Notes on getting MPICH running Under Linux


Up: Frequently Asked Questions Next: poll: protocol failure during circuit creation Previous: Permission Denied

Introduction The purpose of this document is to describe the steps necessary to allow MPICH processes to be started and to communicate with one another. The installation that we are focusing on is a RedHat 7.2 installation with medium security (the default). While other distributions will certainly vary, this is a good example of the sorts of problems that one might run across.

There are three methods for starting MPICH processes that are typically used on clusters today. These are rsh, ssh, and mpd.

We will first describe getting the rsh service working. We will include rlogin in this process because it is helpful for testing. Next we will describe getting ssh working and enabling the ssh-agent to allow for logins without password typing. Finally we will discuss issues related to process communication in MPICH and firewalls.

Enabling rsh By default the rsh server is not installed, and it is necessary for use of the rsh service in starting MPICH processes. The rsh server, in.rshd, is part of the rsh-server RPM. This RPM is located on the first disc of the RedHat 7.2 distribution. The rlogin server, in.rlogind, is also included in this package.

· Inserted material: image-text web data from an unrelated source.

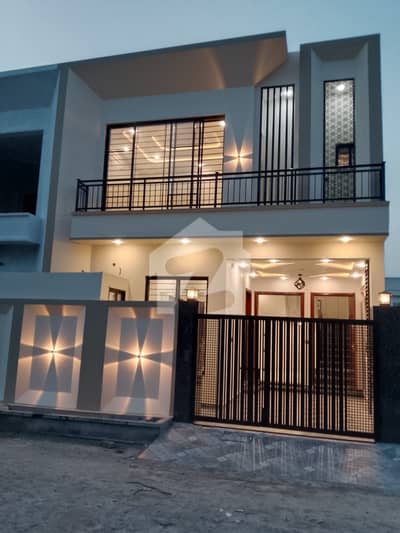 Your Dream Brand New 6 Marla House Is Available In Fatima Avenue Your Dream Brand New 6 Marla House Is Available In Fatima Avenue
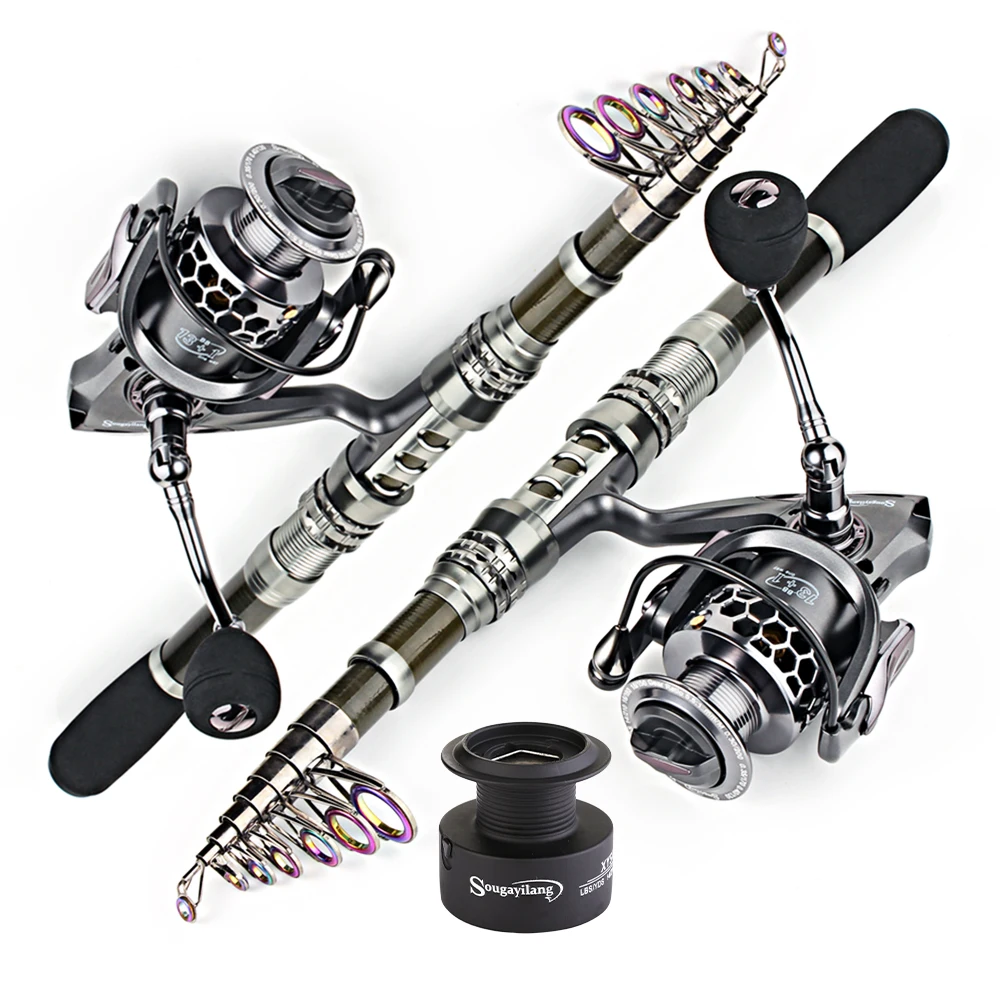 Fishing Rod Surf - Sougayilang 1.8-3.3m Canna da pesca spinning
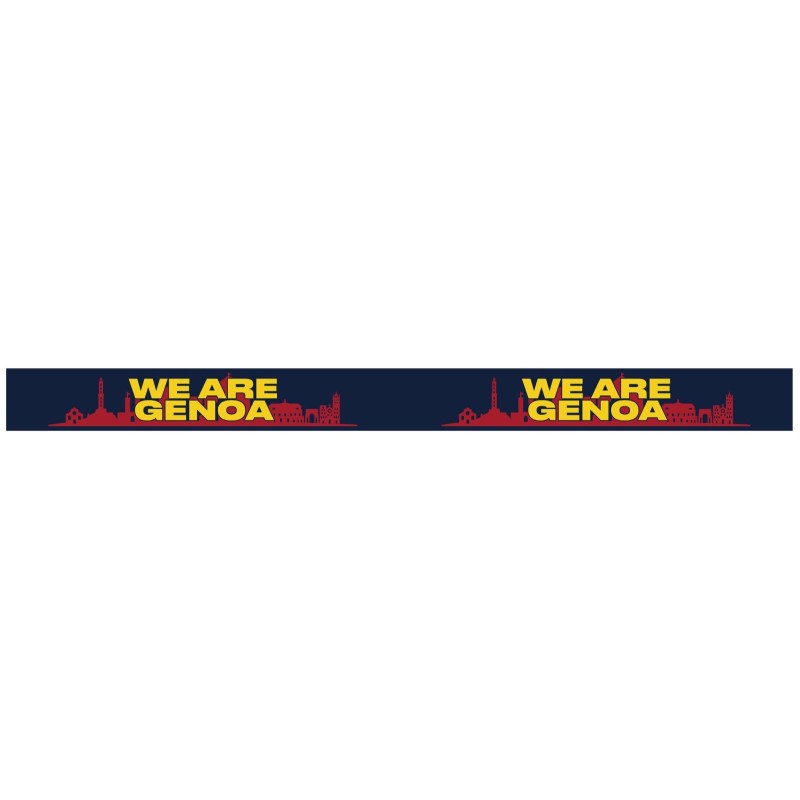 Acube 1173 - Braccialetto Silicone We Are Genoa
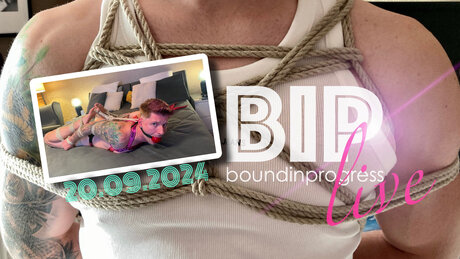 Boundinprogress onlyfans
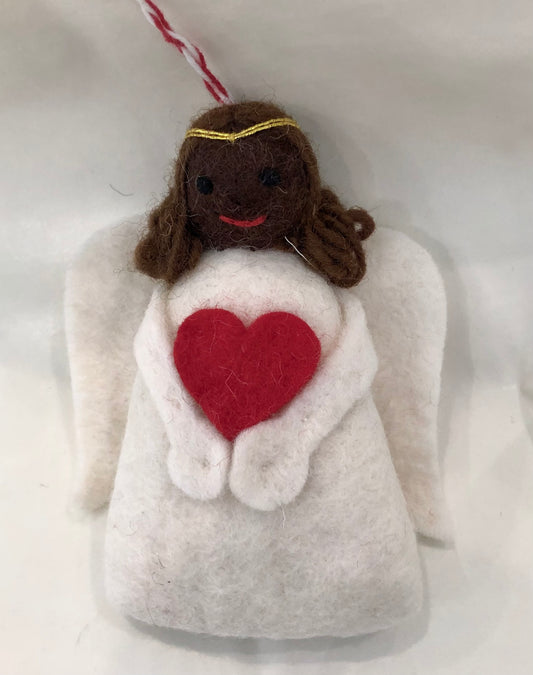 Felt Angel Ornament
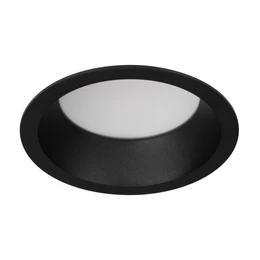 Фото #1 товара Светильник MS-DROP-BUILT-R137-24W Day4000 (BK, 90 deg, 230V) (Arlight, IP54 Металл, 5 лет)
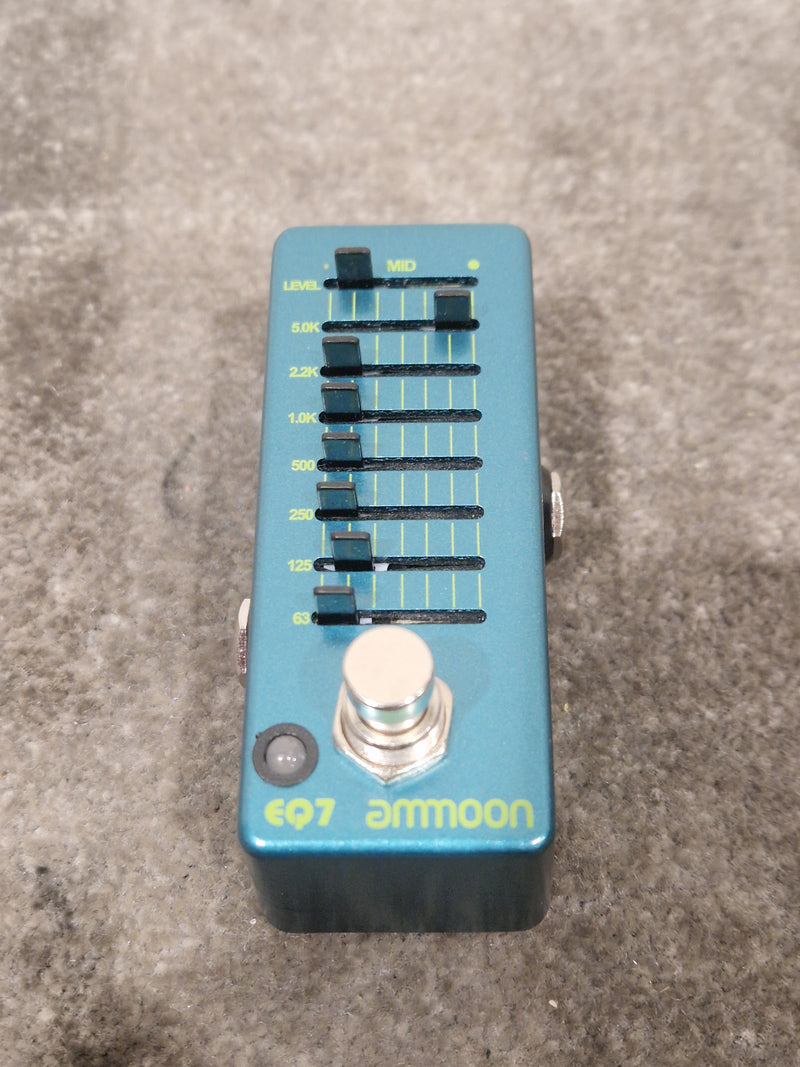 Ammoon EQ7 - 7-Band Graphic Equalizer - Excellent - Image 1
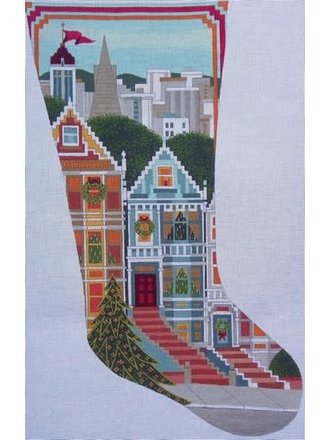 Peter Ashe PAST42 San Francisco Stocking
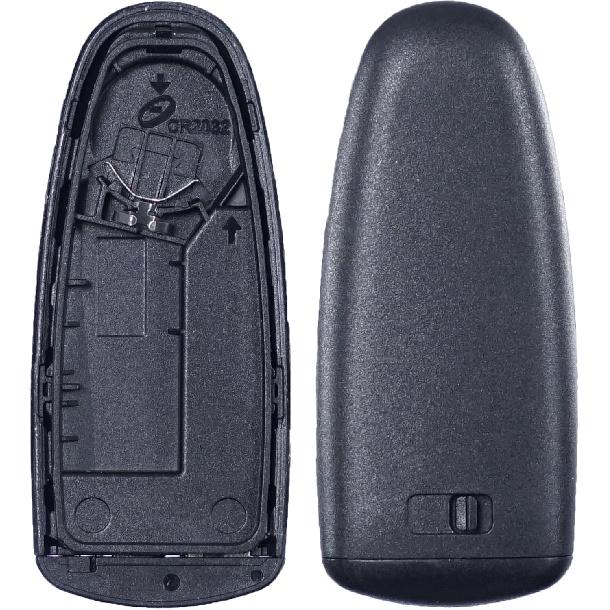 Key Fob Shell Case Replacement Fits For Ford Edge Explorer Focus Taurus Flex Expedition Lincoln MKS MKT MKX Navigator 2011 2012 2013 2014-2017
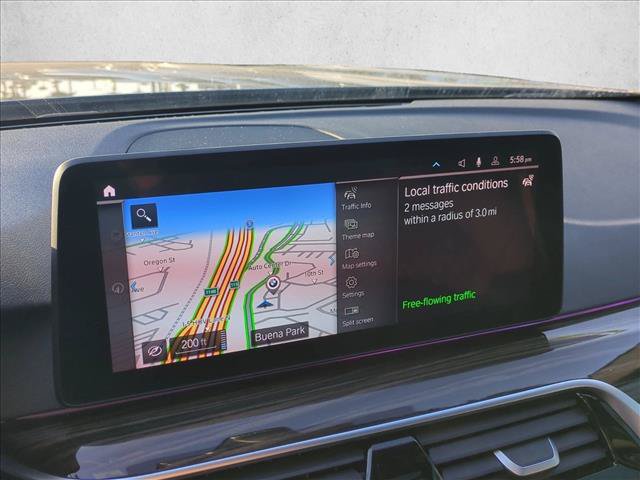 Used 2023 BMW 530e w/ Convenience Package RWD image 13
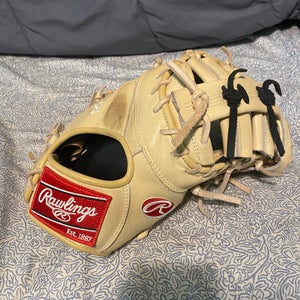 2023 Rawlings RH First Base Pro Preferred Baseball Glove 13" (Used)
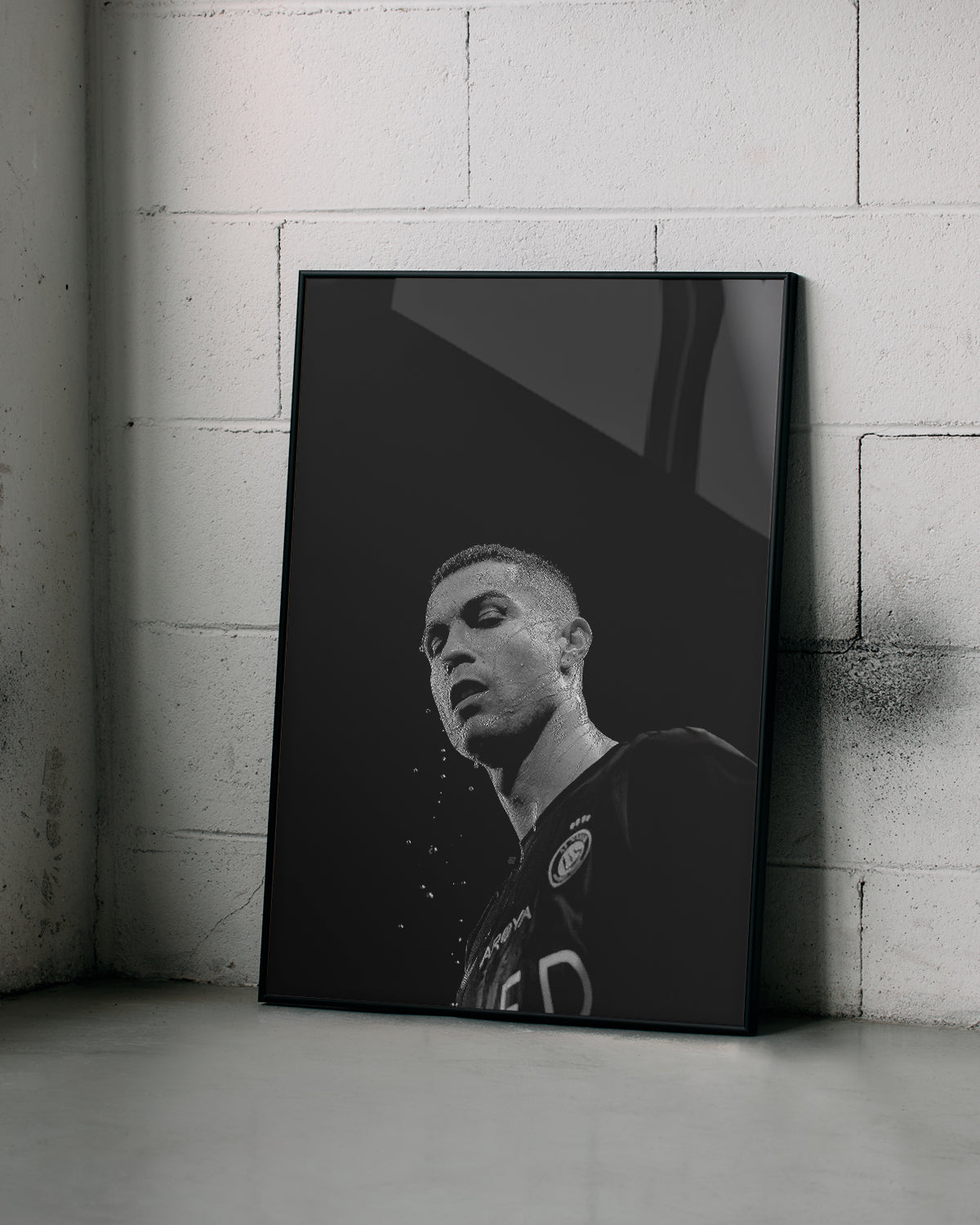 Plakat "Ronaldo -Blackout"
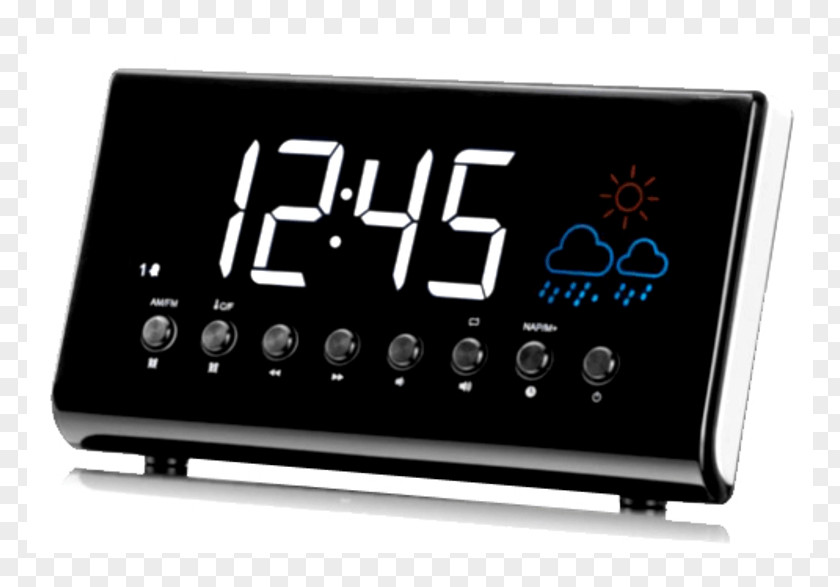 Radio Clockradio Alarm Clocks FM Broadcasting PNG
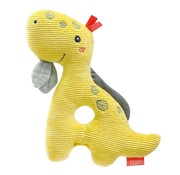 Fehn Soft ring rattle dino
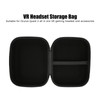 VR Headset Carrying Case Shockproof Large Capacity Lightweight Protective Storage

The xinetd server controls the availability of the rsh and rlogin services. This server is installed by default, but by default rsh and rlogin services are disabled. To enable these services, you must edit the files /etc/xinetd.d/rsh and /etc/xinetd.d/rlogin. Here is the rsh file as it looks by default:


# default: on 
# description: The rshd server is the server for the rcmd(3) routine and, \ 
#       consequently, for the rsh(1) program.  The server provides \ 
#       remote execution facilities with authentication based on \ 
#       privileged port numbers from trusted hosts. 
service shell 
{ 
        socket_type             = stream 
        wait                    = no 
        user                    = root 
        log_on_success          += USERID 
        log_on_failure          += USERID 
        server                  = /usr/sbin/in.rshd 
        disable                 = yes 
} 
You must enable the service by changing "disable = yes" to "disable = no". The same must be done to the rlogin config file to enable that service.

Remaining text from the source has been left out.